• TO DO
The answer must reproduce all of the data below exactly and contain no images.

• DATA SECTION
================================

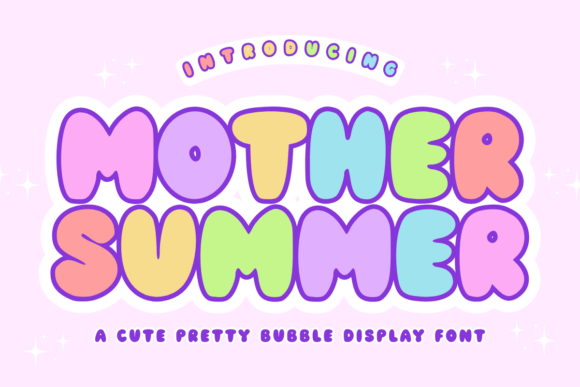 Mother Summer: Retro Display Fonts for Branding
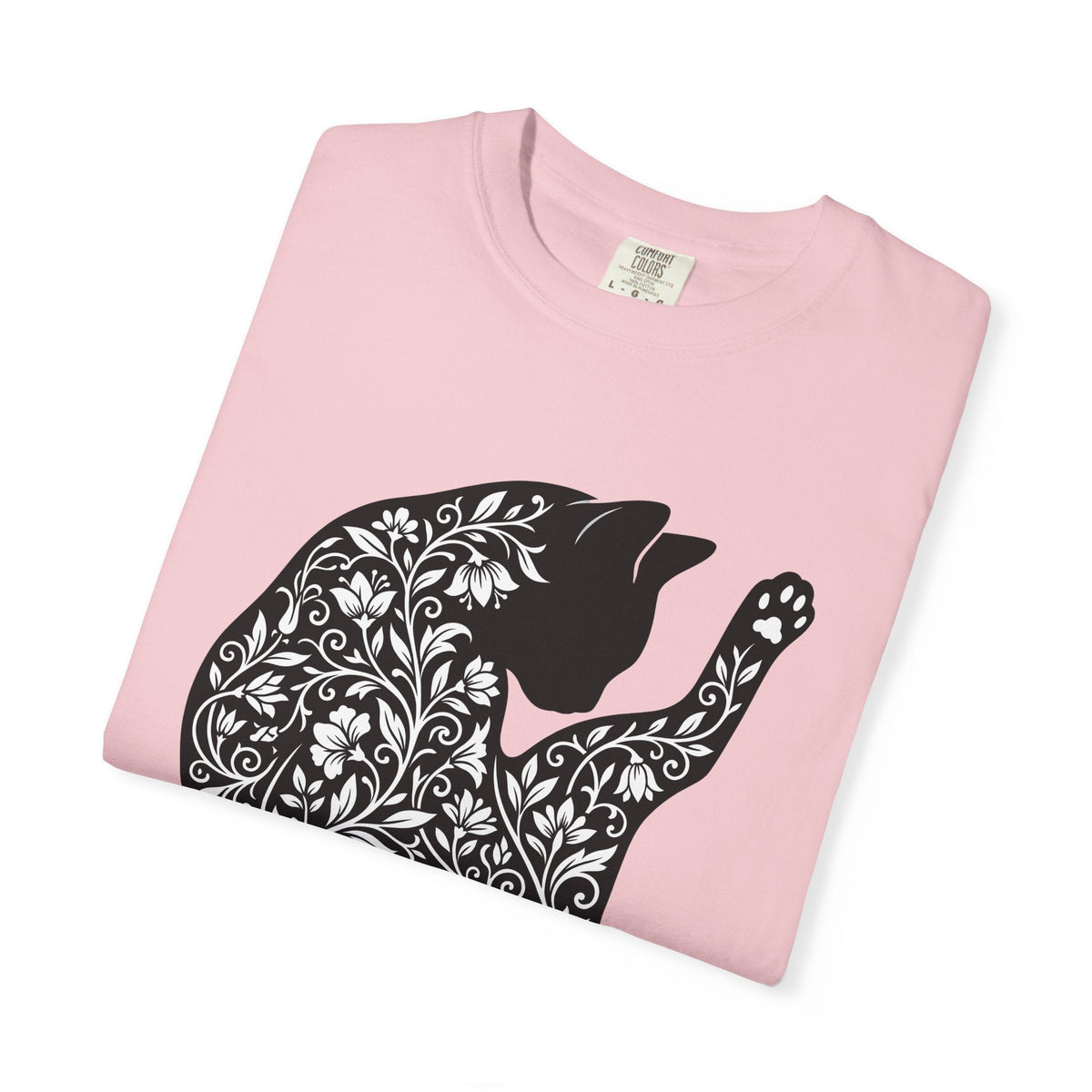 Flower Cat Shirt Outdoors Gift Women Hippie Tee Kitty product image 11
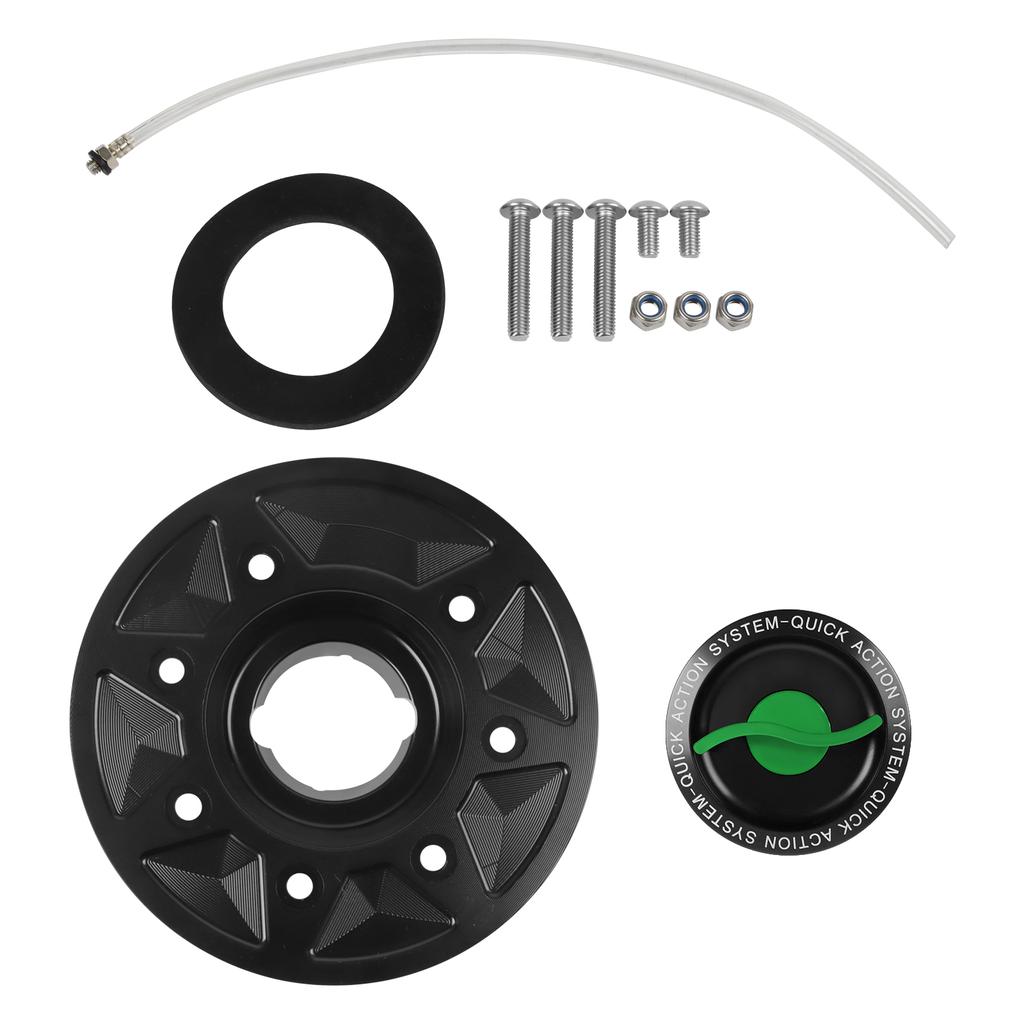 Для Kawasaki NINJA 250 400 650 Z650 Z900 ZX-6R / 636 Versys-X 300 Keyless Racing Quick Release Tank Caps Case Gas Cover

================================

• SOLVED PROBLEM
 Mother Summer: Retro Display Fonts for Branding
 Flower Cat Shirt Outdoors Gift Women Hippie Tee Kitty product image 11
 Для Kawasaki NINJA 250 400 650 Z650 Z900 ZX-6R / 636 Versys-X 300 Keyless Racing Quick Release Tank Caps Case Gas Cover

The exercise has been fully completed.